**EXERCISE**
Give back every record verbatim, but not the pictures.

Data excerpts

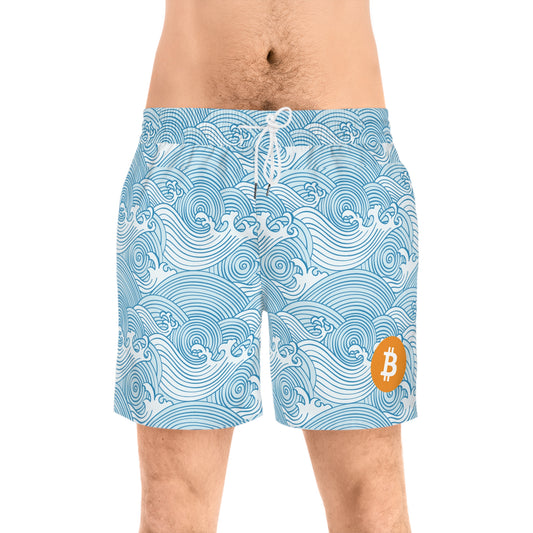 Bitcoin Light Waves Swim Trunk In N Out Crypto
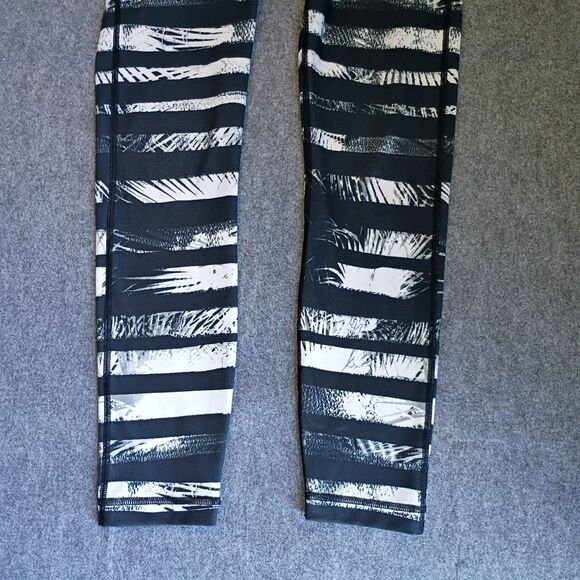 Lululemon Legging Under Pant Full-On Luon Roll Down Shady Palms Black White 4 - Picture 3 of 8
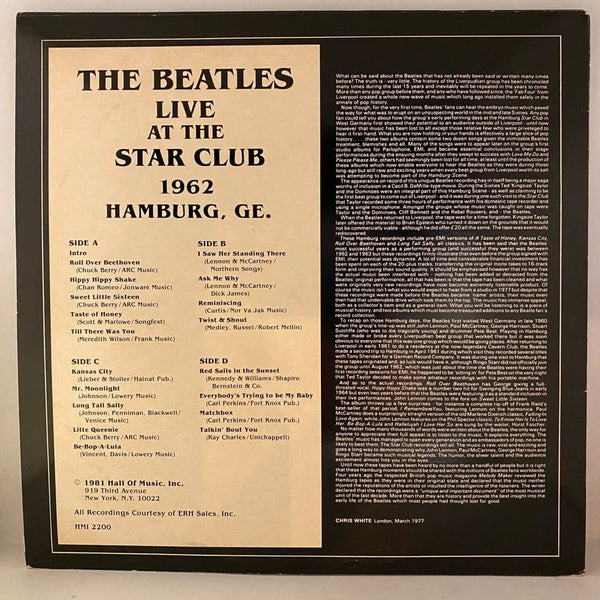 Used Vinyl The Beatles – Live - 1962 - Hamburg, Germany 2LP USED NM/VG J082723-05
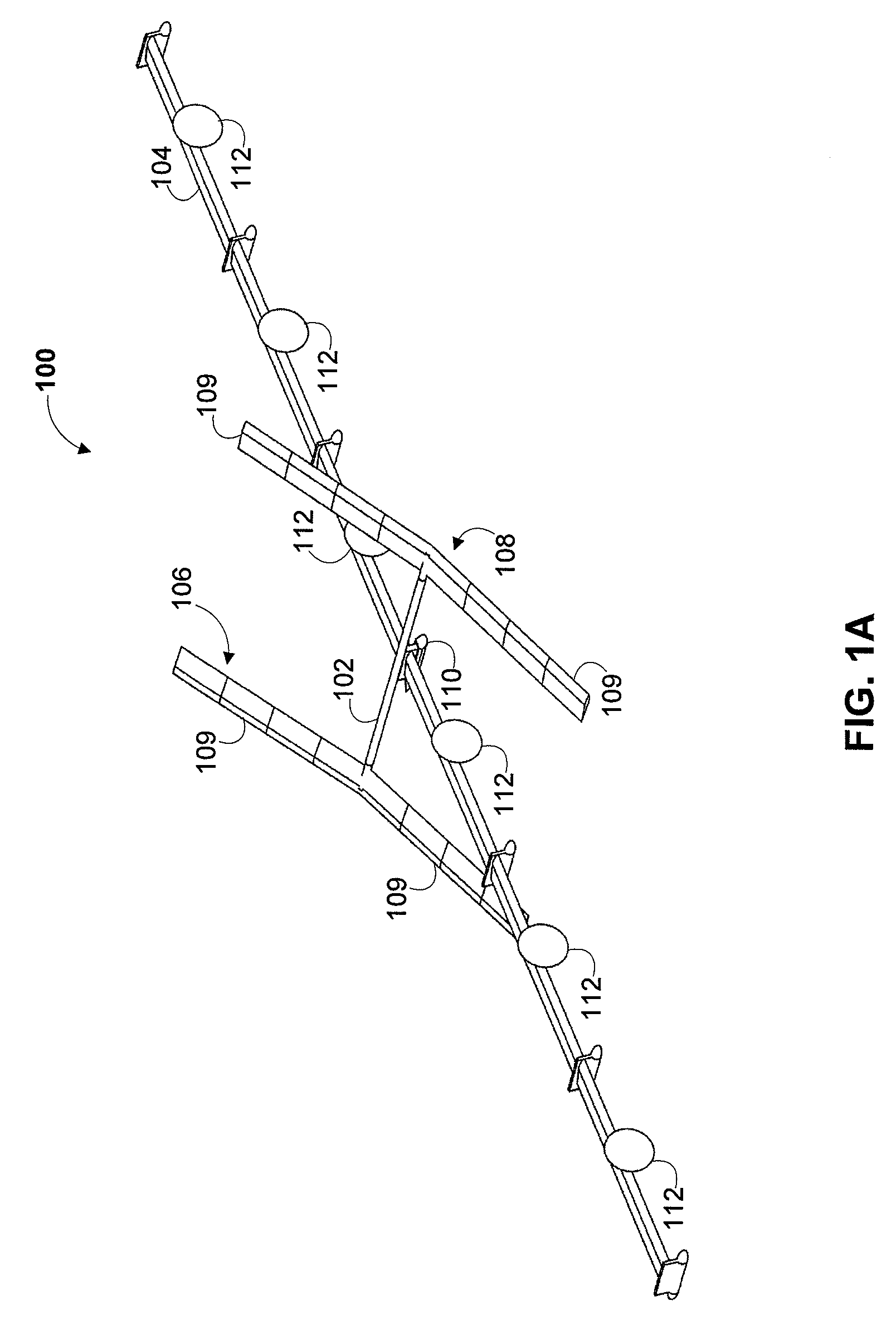 Solar-powered aircraft with rotating flight surfaces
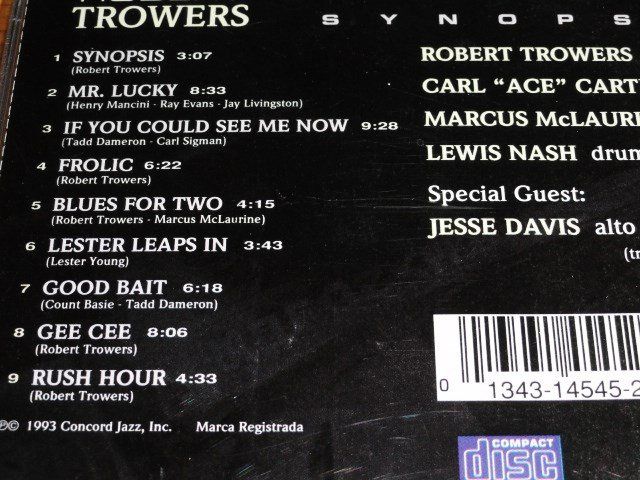 Robert Trowers [Concord] with Lewis Nash Synopsis Kaufen auf Ricardo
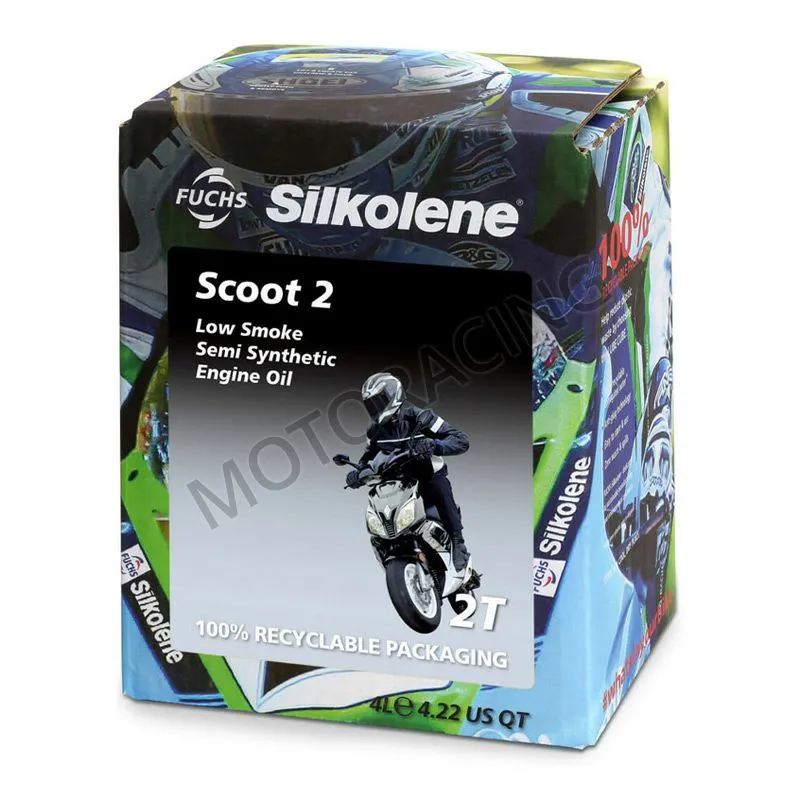 ΛΑΔΙ SCOOTER 2T SILKOLENE SEMI SYNTHETIC ΣΥΣΚ. 4L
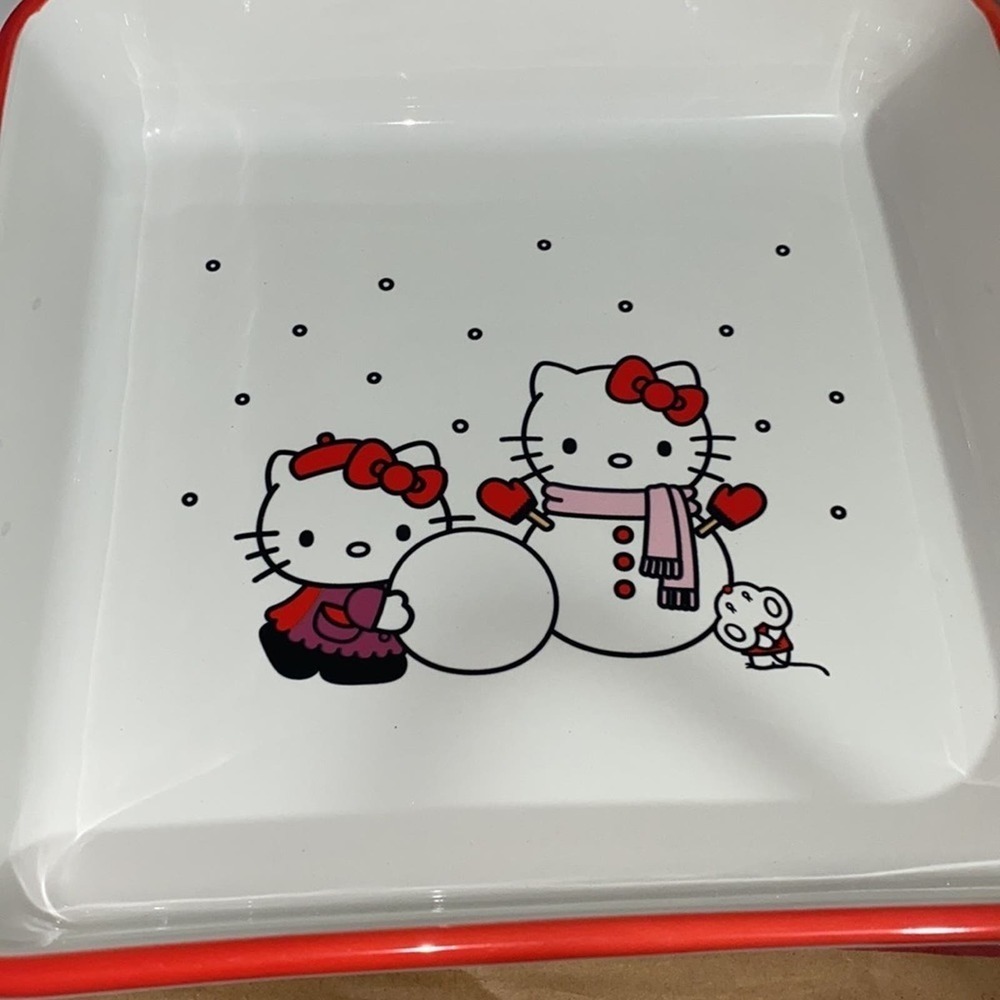 Christmas‎ hello kitty snowman baking pan Sanrio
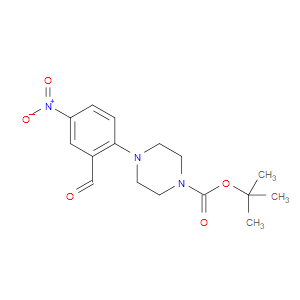 TERT-BUTYL 4-(2-FORMYL-4-NITROPHENYL)PIPERAZINE-1-CARBOXYLATE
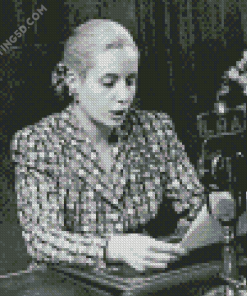 Black And White Eva Peron Diamond Painting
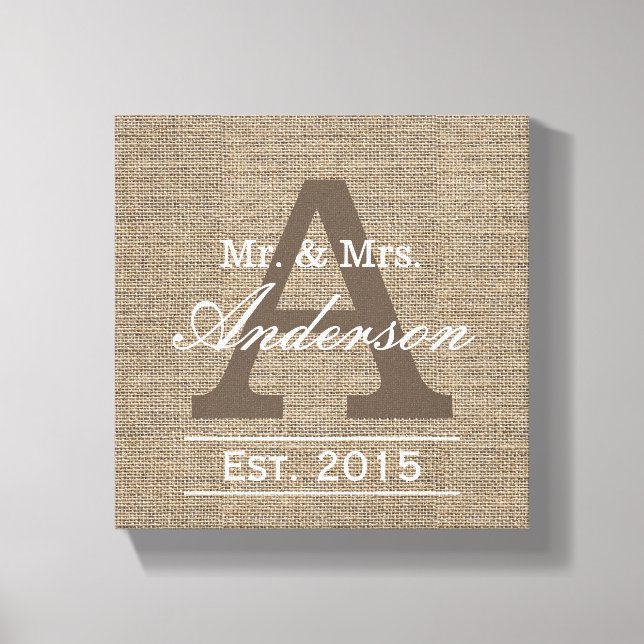 Impressão Em Tela Sinal de Nome da Família Estabelecida da Família d (Frente)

**YOUR RESPONSE**
 Bitcoin Light Waves Swim Trunk In N Out Crypto
 Lululemon Legging Under Pant Full-On Luon Roll Down Shady Palms Black White 4 - Picture 3 of 8
 Used Vinyl The Beatles – Live - 1962 - Hamburg, Germany 2LP USED NM/VG J082723-05
 Solar-powered aircraft with rotating flight surfaces
 Robert Trowers [Concord] with Lewis Nash Synopsis Kaufen auf Ricardo
 ΛΑΔΙ SCOOTER 2T SILKOLENE SEMI SYNTHETIC ΣΥΣΚ. 4L
 Christmas‎ hello kitty snowman baking pan Sanrio
 TERT-BUTYL 4-(2-FORMYL-4-NITROPHENYL)PIPERAZINE-1-CARBOXYLATE
 Black And White Eva Peron Diamond Painting
 Impressão Em Tela Sinal de Nome da Família Estabelecida da Família d (Frente)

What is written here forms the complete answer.